*DESCRIPTION OF THE TASK*. Copy out exactly the lines below that run from the one holding "Max Mara Camel Color Jacquard Wool Poncho" to the one holding "Теплая зимняя женская", keeping both of those lines and no others.

*RECORDS SHOWN*.
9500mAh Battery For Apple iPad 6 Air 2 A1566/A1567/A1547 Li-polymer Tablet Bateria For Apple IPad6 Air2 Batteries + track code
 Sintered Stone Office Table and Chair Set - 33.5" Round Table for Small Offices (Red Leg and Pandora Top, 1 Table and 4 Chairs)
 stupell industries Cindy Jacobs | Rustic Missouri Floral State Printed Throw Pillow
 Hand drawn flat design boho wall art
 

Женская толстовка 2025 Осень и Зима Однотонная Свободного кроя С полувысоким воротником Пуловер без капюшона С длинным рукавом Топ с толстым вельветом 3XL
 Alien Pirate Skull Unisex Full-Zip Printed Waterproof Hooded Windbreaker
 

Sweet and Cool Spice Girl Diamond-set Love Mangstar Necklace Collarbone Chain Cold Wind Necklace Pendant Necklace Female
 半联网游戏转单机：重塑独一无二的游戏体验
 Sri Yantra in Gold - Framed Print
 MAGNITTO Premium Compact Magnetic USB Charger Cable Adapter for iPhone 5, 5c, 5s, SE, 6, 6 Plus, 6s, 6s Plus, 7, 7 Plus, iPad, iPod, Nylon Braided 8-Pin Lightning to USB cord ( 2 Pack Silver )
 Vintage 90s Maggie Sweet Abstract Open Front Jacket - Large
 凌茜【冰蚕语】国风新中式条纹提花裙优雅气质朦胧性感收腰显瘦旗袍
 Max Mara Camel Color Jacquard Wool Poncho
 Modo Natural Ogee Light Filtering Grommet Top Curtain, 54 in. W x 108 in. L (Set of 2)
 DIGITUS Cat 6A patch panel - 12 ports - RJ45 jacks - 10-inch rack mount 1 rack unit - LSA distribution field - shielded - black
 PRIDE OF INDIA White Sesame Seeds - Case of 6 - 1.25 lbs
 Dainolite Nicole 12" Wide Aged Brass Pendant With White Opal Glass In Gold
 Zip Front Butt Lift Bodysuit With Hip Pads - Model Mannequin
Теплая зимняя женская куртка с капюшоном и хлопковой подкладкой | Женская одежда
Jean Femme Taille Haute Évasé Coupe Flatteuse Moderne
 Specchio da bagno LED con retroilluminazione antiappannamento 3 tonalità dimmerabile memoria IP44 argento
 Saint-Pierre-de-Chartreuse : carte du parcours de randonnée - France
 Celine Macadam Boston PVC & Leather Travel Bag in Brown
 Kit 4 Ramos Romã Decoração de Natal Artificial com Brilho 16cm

*EXERCISE RESPONSE*.
 Max Mara Camel Color Jacquard Wool Poncho
 Modo Natural Ogee Light Filtering Grommet Top Curtain, 54 in. W x 108 in. L (Set of 2)
 DIGITUS Cat 6A patch panel - 12 ports - RJ45 jacks - 10-inch rack mount 1 rack unit - LSA distribution field - shielded - black
 PRIDE OF INDIA White Sesame Seeds - Case of 6 - 1.25 lbs
 Dainolite Nicole 12" Wide Aged Brass Pendant With White Opal Glass In Gold
 Zip Front Butt Lift Bodysuit With Hip Pads - Model Mannequin
Теплая зимняя женская куртка с капюшоном и хлопковой подкладкой | Женская одежда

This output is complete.